▸ About this task:
From the first line of the entries below to the line with "Magnetic Dual Sided", give each line again exactly.

Short web captions
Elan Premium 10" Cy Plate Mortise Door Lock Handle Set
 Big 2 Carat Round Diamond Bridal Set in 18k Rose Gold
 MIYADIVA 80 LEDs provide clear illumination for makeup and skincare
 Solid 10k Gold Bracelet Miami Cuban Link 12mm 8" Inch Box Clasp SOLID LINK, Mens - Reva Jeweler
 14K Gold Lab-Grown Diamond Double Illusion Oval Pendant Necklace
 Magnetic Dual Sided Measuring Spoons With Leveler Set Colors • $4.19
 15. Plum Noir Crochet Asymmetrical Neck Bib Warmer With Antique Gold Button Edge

▸ Response area:
Elan Premium 10" Cy Plate Mortise Door Lock Handle Set
 Big 2 Carat Round Diamond Bridal Set in 18k Rose Gold
 MIYADIVA 80 LEDs provide clear illumination for makeup and skincare
 Solid 10k Gold Bracelet Miami Cuban Link 12mm 8" Inch Box Clasp SOLID LINK, Mens - Reva Jeweler
 14K Gold Lab-Grown Diamond Double Illusion Oval Pendant Necklace
 Magnetic Dual Sided Measuring Spoons With Leveler Set Colors • $4.19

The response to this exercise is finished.